The Most High also said:
آمَنُوا قُوا أَنفُسَكُمْ
مَلَائِكَةٌ غِلَاظٌ شِدَادٌ لَا يَعْصُونَ اللَّهَ مَا أَمَرَهُمْ وَيَفْعَلُونَ مَا يُؤْمَرُونَ
“Save yourselves and your families from the fire” (Surah 66 At-Tahrim: Verse 6).
According to the commentary of Ibn Abbas, this means, “Teach them the stipulations of the divine law and refined behaviour.”
Ali bin Ahmad al-Ahwazi informed us from Ayi’sha that the Messenger of Allah said:
“The child owes it to his parent to make good his name, his upbringing, and his education in conduct.”
It is related that Said bin al-Musayyib said, “Whoever does not know what rights Allah Almighty and Glorious has over him and has not been educated in His command and prohibition is cut off from right behaviour.”
It is reported that the Messenger of Allah said:
“Allah Almighty and Glorious had educated me in refined behaviour and made good my education.”
The essence of adab, the most beautiful and fitting, refined behaviour, is the gathering together of all good traits. The adib, the refined person, is he in whom are gathered all these good characteristics. From this is taken the word maduba, banquet, a name for the coming together (of such people).
I heard Abu Ali al-Daqqaq say, “Through his obedience the servant attains to paradise. Through refined conduct in obedience he attains to Allah. I also heard him say, “I saw someone who, during the prescribed prayer before Allah, wanted to stretch his hand to his nose to remove something that was in it. His hand was seized!”

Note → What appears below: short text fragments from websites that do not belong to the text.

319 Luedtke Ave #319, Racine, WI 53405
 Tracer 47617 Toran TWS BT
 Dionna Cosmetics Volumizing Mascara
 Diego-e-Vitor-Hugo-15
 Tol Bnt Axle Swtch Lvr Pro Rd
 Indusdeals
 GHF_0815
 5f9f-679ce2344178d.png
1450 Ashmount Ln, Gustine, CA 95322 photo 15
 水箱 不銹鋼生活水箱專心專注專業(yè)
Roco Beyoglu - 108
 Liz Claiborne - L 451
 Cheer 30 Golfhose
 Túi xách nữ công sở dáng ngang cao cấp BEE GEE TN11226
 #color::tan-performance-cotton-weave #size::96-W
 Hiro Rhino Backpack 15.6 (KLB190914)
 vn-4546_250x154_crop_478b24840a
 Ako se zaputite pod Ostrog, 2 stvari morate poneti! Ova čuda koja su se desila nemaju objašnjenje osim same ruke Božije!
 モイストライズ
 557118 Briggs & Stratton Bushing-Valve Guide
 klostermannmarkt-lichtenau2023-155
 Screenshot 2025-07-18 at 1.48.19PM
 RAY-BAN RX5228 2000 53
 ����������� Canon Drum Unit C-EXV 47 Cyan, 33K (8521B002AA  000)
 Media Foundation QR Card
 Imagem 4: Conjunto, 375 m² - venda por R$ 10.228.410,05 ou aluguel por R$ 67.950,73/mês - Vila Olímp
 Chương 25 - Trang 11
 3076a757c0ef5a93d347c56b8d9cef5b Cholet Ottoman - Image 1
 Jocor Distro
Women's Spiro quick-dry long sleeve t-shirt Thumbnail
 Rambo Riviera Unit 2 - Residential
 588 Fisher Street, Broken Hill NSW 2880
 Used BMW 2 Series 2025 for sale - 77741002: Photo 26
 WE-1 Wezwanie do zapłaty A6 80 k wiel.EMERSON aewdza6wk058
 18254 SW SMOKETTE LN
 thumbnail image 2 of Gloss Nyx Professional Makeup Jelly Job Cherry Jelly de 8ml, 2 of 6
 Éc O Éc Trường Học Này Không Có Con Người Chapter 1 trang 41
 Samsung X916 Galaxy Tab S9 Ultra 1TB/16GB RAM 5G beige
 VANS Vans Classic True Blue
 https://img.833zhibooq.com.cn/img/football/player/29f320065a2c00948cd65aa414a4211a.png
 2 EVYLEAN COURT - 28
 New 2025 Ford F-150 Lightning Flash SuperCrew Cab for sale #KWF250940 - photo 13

He could only have been hinting that it was himself because it is not possible for a human being to know that someone else’s hand was seized. Abu Ali used never to lean on anything. One day when he was at a gathering, I saw that he was without any support. I wanted to put a pillow behind his back. He drew a little away from the pillow, and I imagined that he was wary of it because there was neither a dervish robe nor a prayer carpet over it. But he said, “I do not want to lean.” After this I marvelled at his state, for in fact he never did lean on anything.
I heard Abu Hatim al-Sijistani say that al-Jalajili al-Basri said, “For the testimony of unity (tawhid) to be in force, faith is prerequisite, for whoever has no faith cannot testify to the unity. For faith to be in force the divine law is prerequisite, for whoever does not hold to the divine law has no faith and cannot testify to the unity. For the divine law to be in force refined conduct is prerequisite, for whoever has not refined his conduct cannot hold to the divine law, has no faith, and cannot testify to the unity.
Ibn Ata said, “Adab, refined behaviour, is to hold fast to the commendable things.” When asked, “What is the meaning of this?” he replied, “It means that you behave properly toward Allah both in secret and in public. If you are like that, you are a man of refined culture even if you are a foreigner.” Then he recited:
When she conversed, her speech was all graciousness,
And when she kept silent, her silence was all fair.
Muhammad bin al-Husayn informed us that Abd Allah al- Jurayri said, “For twenty years, in my times of sitting in solitude, I have not stretched out my feet. It is better to act beautifully toward Allah.” I heard Abu Ali al-Daqqaq say, “If someone keeps company with kings and lacks refined behaviour, his ignorance will consign him to death!”
It is related that Ibn Sirin was asked, “What way of behaving brings one closest to Allah Most High?” He replied, “Realisation of His Lordship, work in obedience to Him, praise to Him in happy times, and patience in times of trouble.”
Yahya bin Muadh said, “When the Gnostic abandons his courtesy in the presence of the One he knows, he has been ruined like all the rest of the spiritually ruined.”
I heard Abu Ali say, “To abandon good conduct brings about expulsion. Someone who behaves badly upon the carpet of contemplation is sent out to the gate, and someone who behaves badly at the gate is sent out to look after the animals.”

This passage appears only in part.